Мнимая любовь или трагедии конного спорта

Татьяна Мачинская
Мы сидели в первых рядах. Сегодня я каскадер в конном спорте, представляющим дисциплину конкур. На разминке, перед стартом, лошадь проносится на столько близко, что можно вытянуть свои ручки и дотянуться до атласной шерсти четвероногого участника. С очередным штурмом, обрушившегося галопа на воздух  в манеже,  меня уносит с трибун прямиком в кожаную седалищную амуницию, сдерживаемую подпругой. 
«Первое приветствие, дружище! Да мы команда!»  - это можно прочитать  у меня на лбу, в тот момент, когда тонкие пальцы, едва не сведенные судорогой от волнения, облеченные в белые короткие перчатки настоящего спортсмена, тянутся к великолепию бархата новенького шлема, который озаряет всеми вкрапленными «бриллиантами» лица зрителей, едва не уснувших от скуки смертной. Вскоре их разбудит, если и не свет от моего шлема, то язык, запавший к устью колокола, дающий команду «старт». Странным представляется для меня то, что жест, описанный выше, полагается считать приветствием, в то время как для меня это ничто иное как «Adios Amigos», после чего мир перестает существовать, где в фокусе концентрации остается лишь мой четвероногий крылатый друг.
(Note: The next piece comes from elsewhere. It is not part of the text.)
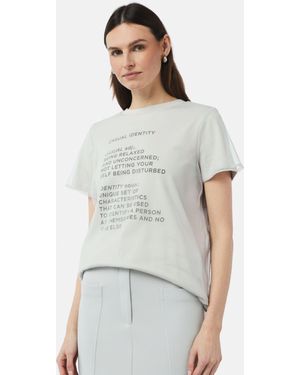 comma casual identity Kurzarmshirt T-Shirt mit Mesh-Layer und Schriftprint - Weiß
Секундный захват пространства над препятствиями есть магия, волшебство, сила совершенства, обуявшая сердце страстью к полетам по сей день. На нашем маршруте неприметный чухонец, на сегодня последний. Судья, вознесший флаг над головой свидетельствует о том, что мы на финишной прямой. Галоп, родной, галоп! «Прр»… И вместе с этим «прр» меня тут же выбрасывает из седла обратно на пластмассовое кресло трибуны, и я уже глазами зрителя продолжаю соревнование. «Слишком быстро. Нарушена траектория». Разгоряченное дыхание едва касается жерди. Не успевши опомниться, я тяну поводья к себе, подергиваясь на трибуне в приступе эпилепсии от увиденных последствий, которые еще не стали частью неизбежного. Слышу биение сердце лошади. Слышу, как песок разлетается в разные стороны, от копыт, с силой вонзившихся, передних ног, в слой грунта в  точке отрыва. Прокаженное тело всадника (прокаженное манией величия) отрывается от седла, вместе с копытами лошади. И вся мощь грудной клетки  обрушивается прямо на жерди. Раздается непрерывный писк.
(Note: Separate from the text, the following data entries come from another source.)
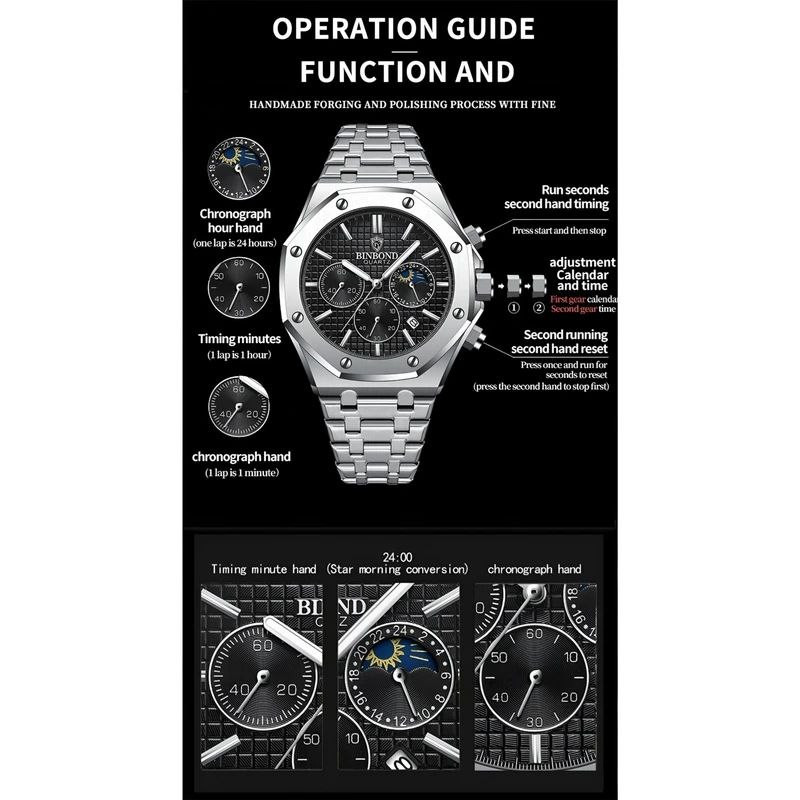 ساعت مچی عقربه‌ای مردانه کوارتز بین باند مدل سه موتور فعال کورنوگراف قفل مخفی کد 9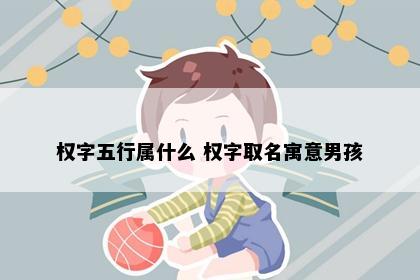 权字五行属什么 权字取名寓意男孩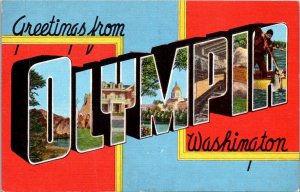 Greetings From OlympiaWashington Large Letter Linen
 До сих пор не могу понять, то ли  сердце мое остановилось, то ли контузило от непрерывной обсценной лексики…
 Эх… Доброе у меня сердце, да только лицензии на оружие нет, наверное, это к счастью…. Потому что, едва нахлынувшее слезами удушья, чувство оскорбленной наивности, немедленно спустило бы курок в объект негодования, продемонстрировавшего измену, ставящую под угрозу культуру конного спорта, где в приоритете  медальки, ценою (как и душонка, проклятая изуверством) – в грош!

Ай-ай-ай! Господин, Невзоров! Твоими ль глазами я смотрела на происходящее? Или грызущее внутри меня чувство, оправдывает твое неистовство к абсурдному существованию доверия между плотью человеческой к другу твоему ближнему (лошади)?
Да не будет осквернена честь конного спорта сладострастным возвышением себя самого, перед окружением падшим, покуда живы наставники мудрые, ведОмые истиной гласящей морали: «Не истязать животное, а отнестись с пониманием и уважением должным. В глазах пред тобою не подспорье к достижению, а друг верный! Аминь!»